River Larry is setting up my system (referred to him by a good guide bud) and flat out asked River Larry 12 or 24 volt system. He indicated to use only 12 Volt system as 24 volt does have issues that have to be re-packed every year versus a 12 volt system every 3 years. Cost is about $30-$40 bucks to repack - per Larry.

River Larry winches will hold up to 110 lbs with ease as I am sure Tracey's do too but that much weight is extra on the front end of the boat especially with batteries in the front area to needs to be taken into consideration. Much better off to have 70 lb pyramid and then another 15 lbs of chain to clip onto the pyramid for fast water if needed.

Both Tracey and Larry are reputable builders and simply talk with them as they will design the system appropriate for your fishing and boat. They both are in the same area and either will do a fantastic job for your boat and your fishing needs

Best of luck hope that helps anyone out...


----------



## BeLikeMike

For what it is worth.
I bought a 12v winch from River Larry. I was very happy with how he set it up and am still happy with how it continues to work 2 years later.


----------



## TSS Caddis

Hardkorsteeliedude said:


> He indicated to use only 12 Volt system as 24 volt does have issues that have to be re-packed every year versus a 12 volt system every 3 years. Cost is about $30-$40 bucks to repack - per Larry.


Hmm, I ran a 24v Larry winch for 10 years without having to do anything with it.

The only noticeable difference I saw between 12 and 24 was that 24 was faster but also louder. I've literally pulled logs off the bottom of the river with the 24v.


----------



## rieverr

for 1150 -1300$$$ that thing better find ...GOLD 
No way would or will i ever pay that much for a winch system.. and i have one hell of a nice boat...


----------



## riverdawg54

No way I will pay that for a winch either.
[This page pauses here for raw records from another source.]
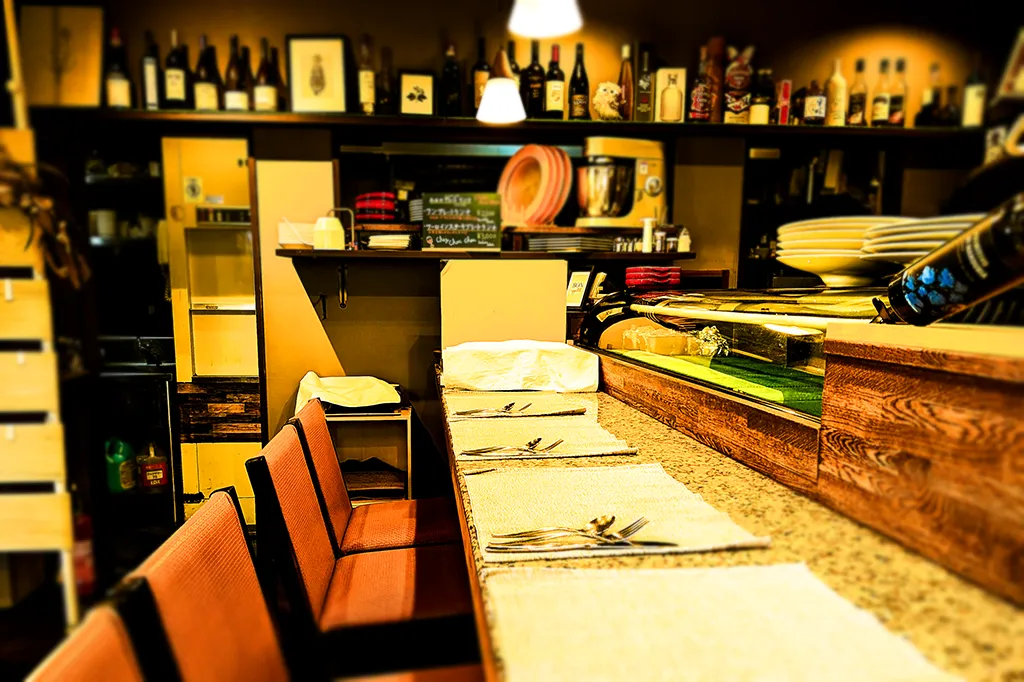 カウンター席でのシェフとの会話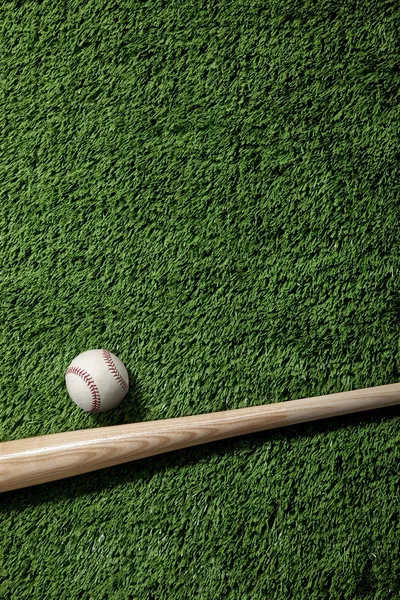 Overhead view of baseball and bat on green turf — Stock Photo, Image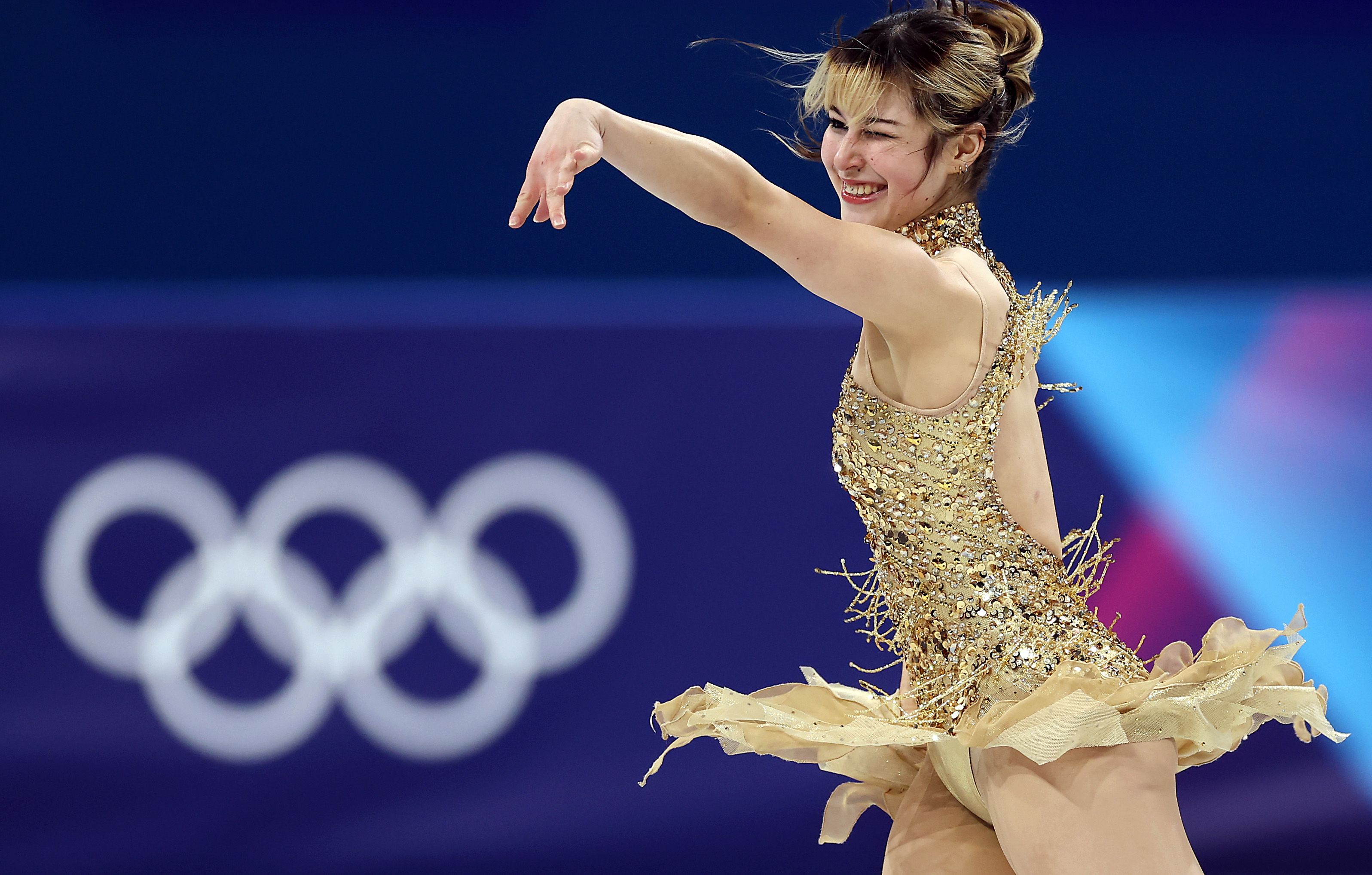 Figure skater in a sparkling gold costume performs a spin with a winking smile on her face against a background featuring blurred Olympic rings.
I am going to get a Superwinch Terra 25 for my baot.They have a life time warranty and they cost $200.00.I have an anchor tower on the bow of my boat made of stainless steel and with alittle fad work and some simple welding I will have a good anchor winch.I know a guy that has this very winch and he is very happy with it.Its slower than the $1000 to $1200 winchs but that $800 you save sure feels good in your pocket


----------



## 2manyfish

I'm not sure what you mean by re packed???


----------



## fishingfan

Get a tracys winch...I have had them all...the only one I trust is tracys...I dont remember the name of the motor...my boat is covered...had mine for over 4 years never a problem...and ive put it in bad spots...pulled up no prob


----------